-------- Task inputs --------

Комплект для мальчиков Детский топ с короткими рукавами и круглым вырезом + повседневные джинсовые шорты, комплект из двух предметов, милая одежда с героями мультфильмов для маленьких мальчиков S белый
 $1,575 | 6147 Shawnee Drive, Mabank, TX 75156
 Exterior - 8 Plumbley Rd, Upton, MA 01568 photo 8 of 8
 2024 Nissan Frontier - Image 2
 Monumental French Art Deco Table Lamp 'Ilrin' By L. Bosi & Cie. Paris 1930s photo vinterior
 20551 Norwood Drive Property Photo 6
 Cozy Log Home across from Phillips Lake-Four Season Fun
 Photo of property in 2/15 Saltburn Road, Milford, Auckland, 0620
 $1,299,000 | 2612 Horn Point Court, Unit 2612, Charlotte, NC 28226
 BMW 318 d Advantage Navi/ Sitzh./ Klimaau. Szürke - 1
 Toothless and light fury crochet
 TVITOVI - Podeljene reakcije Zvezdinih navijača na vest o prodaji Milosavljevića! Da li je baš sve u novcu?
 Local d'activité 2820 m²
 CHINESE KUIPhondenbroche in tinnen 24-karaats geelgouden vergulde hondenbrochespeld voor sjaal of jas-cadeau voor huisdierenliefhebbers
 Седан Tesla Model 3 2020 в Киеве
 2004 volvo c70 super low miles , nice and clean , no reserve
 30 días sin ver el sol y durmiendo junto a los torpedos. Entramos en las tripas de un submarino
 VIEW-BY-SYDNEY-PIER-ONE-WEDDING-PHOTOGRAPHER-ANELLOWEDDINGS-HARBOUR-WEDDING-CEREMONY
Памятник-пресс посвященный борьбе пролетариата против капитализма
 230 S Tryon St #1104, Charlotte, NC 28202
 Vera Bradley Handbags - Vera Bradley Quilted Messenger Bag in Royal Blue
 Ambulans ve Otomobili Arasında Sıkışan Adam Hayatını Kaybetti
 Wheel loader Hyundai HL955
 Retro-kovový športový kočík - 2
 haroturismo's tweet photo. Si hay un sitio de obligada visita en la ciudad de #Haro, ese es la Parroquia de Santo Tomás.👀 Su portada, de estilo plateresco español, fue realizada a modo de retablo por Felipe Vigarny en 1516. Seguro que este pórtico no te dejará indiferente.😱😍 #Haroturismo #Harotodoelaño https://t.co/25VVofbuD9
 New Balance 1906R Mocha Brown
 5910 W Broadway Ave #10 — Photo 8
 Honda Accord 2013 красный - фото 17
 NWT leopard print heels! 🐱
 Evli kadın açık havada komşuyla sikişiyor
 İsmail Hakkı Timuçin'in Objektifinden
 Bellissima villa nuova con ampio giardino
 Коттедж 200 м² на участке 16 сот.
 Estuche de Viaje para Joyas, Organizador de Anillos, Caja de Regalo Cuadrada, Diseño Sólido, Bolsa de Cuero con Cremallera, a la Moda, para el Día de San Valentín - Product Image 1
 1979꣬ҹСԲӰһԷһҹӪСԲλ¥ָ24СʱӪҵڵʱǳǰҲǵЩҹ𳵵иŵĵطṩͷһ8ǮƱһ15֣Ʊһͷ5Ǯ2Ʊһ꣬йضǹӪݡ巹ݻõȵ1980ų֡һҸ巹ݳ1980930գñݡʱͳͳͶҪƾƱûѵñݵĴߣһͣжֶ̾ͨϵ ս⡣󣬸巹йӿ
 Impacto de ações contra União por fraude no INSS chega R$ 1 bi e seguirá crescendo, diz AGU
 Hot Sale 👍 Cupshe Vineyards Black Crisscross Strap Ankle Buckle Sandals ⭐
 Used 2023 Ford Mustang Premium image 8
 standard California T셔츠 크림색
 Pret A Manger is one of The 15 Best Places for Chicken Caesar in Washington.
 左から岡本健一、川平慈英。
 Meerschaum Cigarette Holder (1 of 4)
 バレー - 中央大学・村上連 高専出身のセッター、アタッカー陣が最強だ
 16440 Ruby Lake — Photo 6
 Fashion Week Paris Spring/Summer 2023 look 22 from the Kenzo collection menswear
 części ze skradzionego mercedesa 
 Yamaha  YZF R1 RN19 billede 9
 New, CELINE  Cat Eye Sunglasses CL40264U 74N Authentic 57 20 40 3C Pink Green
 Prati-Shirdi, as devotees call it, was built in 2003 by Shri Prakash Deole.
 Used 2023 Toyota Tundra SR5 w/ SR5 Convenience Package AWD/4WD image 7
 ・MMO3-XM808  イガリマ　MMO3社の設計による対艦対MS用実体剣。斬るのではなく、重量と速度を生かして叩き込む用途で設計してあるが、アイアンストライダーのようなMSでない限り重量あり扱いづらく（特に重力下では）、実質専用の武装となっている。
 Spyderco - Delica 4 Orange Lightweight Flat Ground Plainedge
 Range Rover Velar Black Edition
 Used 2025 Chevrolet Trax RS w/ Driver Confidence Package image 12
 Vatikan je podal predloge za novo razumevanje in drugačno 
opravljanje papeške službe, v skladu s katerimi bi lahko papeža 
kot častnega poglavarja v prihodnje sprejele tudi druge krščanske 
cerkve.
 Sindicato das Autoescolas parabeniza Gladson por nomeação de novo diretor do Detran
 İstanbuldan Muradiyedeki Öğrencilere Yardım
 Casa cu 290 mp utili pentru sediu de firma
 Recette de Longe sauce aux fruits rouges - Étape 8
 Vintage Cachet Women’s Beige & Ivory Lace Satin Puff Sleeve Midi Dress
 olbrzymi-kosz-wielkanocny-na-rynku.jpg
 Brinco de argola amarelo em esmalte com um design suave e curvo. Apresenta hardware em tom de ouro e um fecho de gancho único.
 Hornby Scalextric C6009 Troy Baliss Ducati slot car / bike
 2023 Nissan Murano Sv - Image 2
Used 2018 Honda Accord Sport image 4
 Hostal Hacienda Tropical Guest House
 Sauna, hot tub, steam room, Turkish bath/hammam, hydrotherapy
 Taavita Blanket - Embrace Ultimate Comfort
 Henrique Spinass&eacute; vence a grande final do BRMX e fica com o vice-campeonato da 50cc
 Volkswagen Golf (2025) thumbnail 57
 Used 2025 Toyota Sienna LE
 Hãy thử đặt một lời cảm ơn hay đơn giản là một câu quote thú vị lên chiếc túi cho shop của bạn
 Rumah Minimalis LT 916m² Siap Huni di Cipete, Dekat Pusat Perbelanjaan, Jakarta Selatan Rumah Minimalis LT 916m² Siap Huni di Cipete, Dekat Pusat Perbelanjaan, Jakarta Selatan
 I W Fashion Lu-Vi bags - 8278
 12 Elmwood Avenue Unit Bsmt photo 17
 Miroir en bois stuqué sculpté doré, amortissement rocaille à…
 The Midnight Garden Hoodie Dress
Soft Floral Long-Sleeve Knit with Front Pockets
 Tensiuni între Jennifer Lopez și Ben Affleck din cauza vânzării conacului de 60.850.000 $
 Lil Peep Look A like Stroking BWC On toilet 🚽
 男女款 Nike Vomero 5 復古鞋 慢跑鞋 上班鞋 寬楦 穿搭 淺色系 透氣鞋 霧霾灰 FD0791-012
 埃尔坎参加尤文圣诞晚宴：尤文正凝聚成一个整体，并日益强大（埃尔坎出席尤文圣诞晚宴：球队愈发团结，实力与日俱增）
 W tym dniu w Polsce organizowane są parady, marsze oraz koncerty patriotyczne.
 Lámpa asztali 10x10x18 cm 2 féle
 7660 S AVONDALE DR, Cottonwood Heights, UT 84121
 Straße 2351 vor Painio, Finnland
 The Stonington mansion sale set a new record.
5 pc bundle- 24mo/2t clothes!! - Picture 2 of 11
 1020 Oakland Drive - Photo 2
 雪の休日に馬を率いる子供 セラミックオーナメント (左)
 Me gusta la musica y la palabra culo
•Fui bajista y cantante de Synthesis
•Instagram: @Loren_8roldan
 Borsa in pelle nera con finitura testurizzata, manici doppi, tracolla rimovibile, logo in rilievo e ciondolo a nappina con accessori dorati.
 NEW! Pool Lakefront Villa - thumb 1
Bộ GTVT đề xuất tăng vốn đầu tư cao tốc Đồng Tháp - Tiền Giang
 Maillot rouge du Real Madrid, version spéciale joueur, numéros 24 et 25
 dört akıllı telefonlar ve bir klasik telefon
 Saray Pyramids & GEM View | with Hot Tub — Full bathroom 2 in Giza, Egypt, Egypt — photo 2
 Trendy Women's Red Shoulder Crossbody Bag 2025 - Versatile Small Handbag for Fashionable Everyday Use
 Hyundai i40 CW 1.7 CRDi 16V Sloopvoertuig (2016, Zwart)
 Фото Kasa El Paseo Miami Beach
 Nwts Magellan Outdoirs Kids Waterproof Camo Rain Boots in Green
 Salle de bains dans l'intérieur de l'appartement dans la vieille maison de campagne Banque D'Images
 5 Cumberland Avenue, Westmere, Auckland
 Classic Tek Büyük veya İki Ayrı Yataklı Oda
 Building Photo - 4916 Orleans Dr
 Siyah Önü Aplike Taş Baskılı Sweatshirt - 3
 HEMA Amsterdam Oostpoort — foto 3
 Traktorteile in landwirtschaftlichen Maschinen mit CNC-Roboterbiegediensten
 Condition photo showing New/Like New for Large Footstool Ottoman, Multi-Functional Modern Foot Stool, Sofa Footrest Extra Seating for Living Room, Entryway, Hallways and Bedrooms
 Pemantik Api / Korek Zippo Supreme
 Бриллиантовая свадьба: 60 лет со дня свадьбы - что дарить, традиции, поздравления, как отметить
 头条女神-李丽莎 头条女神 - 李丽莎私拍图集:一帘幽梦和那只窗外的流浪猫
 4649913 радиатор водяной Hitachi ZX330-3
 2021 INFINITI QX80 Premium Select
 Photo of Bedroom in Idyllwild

--------

** Goal of the exercise **
If a line in the records above contains the word "Avenue", copy it.

** Reply **
 12 Elmwood Avenue Unit Bsmt photo 17
 5 Cumberland Avenue, Westmere, Auckland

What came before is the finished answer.